You are viewing epic_rants

epic_rants

People! Stop using Word to convert to HTML!

« previous entry | next entry »
Mar. 16th, 2010 | 01:29 pm
posted by: jane_elliot in epic_rants

For everyone out there who uses Word to automatically convert to HTML -- STOP.  Seriously.  More than half of the Word-to-HTML files I encounter are nearly unusable due to tables (guess what?  They don't work if your reader is using a different screen size), pictures (which invariably end up over the text), single line spacing between paragraphs (I can't even figure out where Word screwed up there), or a half-dozen other issues.  Even worse, even the readable files have at least one problem with them (usually the text coming out way too large).  It may look great on your computer, but trust me -- it's not going to work on *everyone's* computer.  And how stupid is it to lose readers just because HTML 4.0 came out and your Word-created HTML isn't 100% compatible or because Microsoft apparently makes a special effort to have Word produce HTML files that look like shit in Firefox?

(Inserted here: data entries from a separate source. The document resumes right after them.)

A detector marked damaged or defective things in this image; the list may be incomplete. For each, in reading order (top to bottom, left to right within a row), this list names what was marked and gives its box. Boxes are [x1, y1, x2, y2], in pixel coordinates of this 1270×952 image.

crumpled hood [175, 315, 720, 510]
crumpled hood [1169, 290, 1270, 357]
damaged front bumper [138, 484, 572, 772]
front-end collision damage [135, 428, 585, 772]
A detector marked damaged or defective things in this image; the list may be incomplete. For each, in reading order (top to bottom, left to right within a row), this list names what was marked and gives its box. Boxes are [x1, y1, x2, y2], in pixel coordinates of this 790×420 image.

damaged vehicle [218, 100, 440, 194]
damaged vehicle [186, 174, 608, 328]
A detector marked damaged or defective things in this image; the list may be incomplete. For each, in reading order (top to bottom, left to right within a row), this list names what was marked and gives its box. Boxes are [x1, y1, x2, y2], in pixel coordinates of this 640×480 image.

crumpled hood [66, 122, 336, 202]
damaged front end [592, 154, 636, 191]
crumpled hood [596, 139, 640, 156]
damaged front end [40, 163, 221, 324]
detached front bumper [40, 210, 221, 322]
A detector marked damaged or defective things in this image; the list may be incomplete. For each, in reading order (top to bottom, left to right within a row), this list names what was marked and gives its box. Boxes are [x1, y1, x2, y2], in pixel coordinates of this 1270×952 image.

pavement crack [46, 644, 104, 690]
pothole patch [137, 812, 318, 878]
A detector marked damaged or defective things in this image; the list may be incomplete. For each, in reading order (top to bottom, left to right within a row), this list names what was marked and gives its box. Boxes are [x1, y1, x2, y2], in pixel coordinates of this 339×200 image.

Plus, adding injury to injury, Word-converted HTML files are completely non-tweakable at the code level, which means that when I find a file with 14 pt. font, I can't just go into the code and fix it.  I have to either copy and paste it into Word (is it irony or tragedy?) or I just have to do what I usually do -- hit the back button and find a story that doesn't require me to physically manipulate it to be read.

Instead of doing the automatic conversion, here's an easy way to format your story in Word so that pretty much everyone on earth can at least read it.  It won't be pretty, it won't be fancy, and it won't have any bells and whistles.  What it *will* offer, however, is the ability to have your story be readable on every single computer/cell phone/eReader on the planet that is capable of displaying HTML files. 

-Before you start typing, *turn off smart quotes*.  You can do this under Tools -> Auto Correct Options -> Auto Format *and* Auto Format As You Type.  Frankly, if you intend for people to be able to read your stories on archives, cell phones, and/or eReaders, it's best to uncheck nearly everything on those two tabs.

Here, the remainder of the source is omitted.